ACTIVITY ::
Somewhere below, one line contains "NOMO1 Antibody in Western Blot (WB)" and a later line contains "Activity Measured by". Output those two lines and everything between them exactly, and nothing else.

START RECORD EXCERPTS

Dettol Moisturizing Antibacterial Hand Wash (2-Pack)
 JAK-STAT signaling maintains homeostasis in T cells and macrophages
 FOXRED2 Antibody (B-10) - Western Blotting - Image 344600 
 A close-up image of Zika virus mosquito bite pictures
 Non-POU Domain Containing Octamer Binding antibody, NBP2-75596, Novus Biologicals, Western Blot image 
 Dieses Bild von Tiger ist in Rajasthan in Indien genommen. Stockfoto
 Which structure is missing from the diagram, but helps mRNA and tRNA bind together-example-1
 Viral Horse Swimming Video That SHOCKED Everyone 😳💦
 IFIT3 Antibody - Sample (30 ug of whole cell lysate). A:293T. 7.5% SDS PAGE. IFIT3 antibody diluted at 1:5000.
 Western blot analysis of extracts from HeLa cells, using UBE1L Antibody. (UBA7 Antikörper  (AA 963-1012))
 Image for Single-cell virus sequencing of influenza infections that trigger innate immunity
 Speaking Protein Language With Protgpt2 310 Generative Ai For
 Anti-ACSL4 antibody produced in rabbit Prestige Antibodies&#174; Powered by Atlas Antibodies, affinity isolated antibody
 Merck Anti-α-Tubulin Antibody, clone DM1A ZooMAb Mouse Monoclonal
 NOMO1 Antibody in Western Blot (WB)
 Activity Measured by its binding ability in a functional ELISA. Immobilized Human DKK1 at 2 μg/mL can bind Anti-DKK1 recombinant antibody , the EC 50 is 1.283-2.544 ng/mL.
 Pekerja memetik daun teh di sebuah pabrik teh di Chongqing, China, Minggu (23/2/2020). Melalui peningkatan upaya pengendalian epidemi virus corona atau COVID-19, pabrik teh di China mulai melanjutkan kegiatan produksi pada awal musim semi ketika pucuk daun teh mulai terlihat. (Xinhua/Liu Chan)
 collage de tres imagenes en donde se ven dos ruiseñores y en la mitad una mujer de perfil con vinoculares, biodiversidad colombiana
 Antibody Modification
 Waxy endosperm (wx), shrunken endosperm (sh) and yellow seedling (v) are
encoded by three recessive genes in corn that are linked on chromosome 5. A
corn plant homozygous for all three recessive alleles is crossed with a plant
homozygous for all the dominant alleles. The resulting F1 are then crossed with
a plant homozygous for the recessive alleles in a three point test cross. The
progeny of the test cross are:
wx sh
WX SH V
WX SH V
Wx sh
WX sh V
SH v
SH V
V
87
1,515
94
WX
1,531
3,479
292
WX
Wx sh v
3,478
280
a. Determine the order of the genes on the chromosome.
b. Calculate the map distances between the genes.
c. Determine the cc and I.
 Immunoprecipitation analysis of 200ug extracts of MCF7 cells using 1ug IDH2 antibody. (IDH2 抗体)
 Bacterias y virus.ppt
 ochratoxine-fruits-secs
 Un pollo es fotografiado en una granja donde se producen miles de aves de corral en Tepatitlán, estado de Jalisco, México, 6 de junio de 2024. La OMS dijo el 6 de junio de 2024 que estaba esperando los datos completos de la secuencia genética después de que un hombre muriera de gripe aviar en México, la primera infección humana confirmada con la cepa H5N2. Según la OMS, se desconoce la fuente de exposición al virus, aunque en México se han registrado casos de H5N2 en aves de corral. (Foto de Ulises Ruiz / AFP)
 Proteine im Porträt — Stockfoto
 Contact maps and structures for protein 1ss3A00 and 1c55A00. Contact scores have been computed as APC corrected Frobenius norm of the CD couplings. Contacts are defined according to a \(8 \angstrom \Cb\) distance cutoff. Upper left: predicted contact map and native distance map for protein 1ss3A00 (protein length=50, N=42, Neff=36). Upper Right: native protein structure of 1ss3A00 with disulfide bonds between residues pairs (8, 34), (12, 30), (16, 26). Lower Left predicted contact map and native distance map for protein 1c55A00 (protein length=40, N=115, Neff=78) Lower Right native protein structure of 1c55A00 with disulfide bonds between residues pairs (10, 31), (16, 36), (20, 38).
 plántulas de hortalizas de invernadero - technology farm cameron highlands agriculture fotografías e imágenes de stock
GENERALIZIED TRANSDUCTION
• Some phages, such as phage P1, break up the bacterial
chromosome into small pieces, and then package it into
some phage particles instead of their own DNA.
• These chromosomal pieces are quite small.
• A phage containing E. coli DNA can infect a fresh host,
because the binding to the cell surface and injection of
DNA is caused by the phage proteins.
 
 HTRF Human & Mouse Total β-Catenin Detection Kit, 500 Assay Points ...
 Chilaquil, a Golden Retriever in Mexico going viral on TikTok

END RECORD EXCERPTS

REPLY ::
 NOMO1 Antibody in Western Blot (WB)
 Activity Measured by its binding ability in a functional ELISA. Immobilized Human DKK1 at 2 μg/mL can bind Anti-DKK1 recombinant antibody , the EC 50 is 1.283-2.544 ng/mL.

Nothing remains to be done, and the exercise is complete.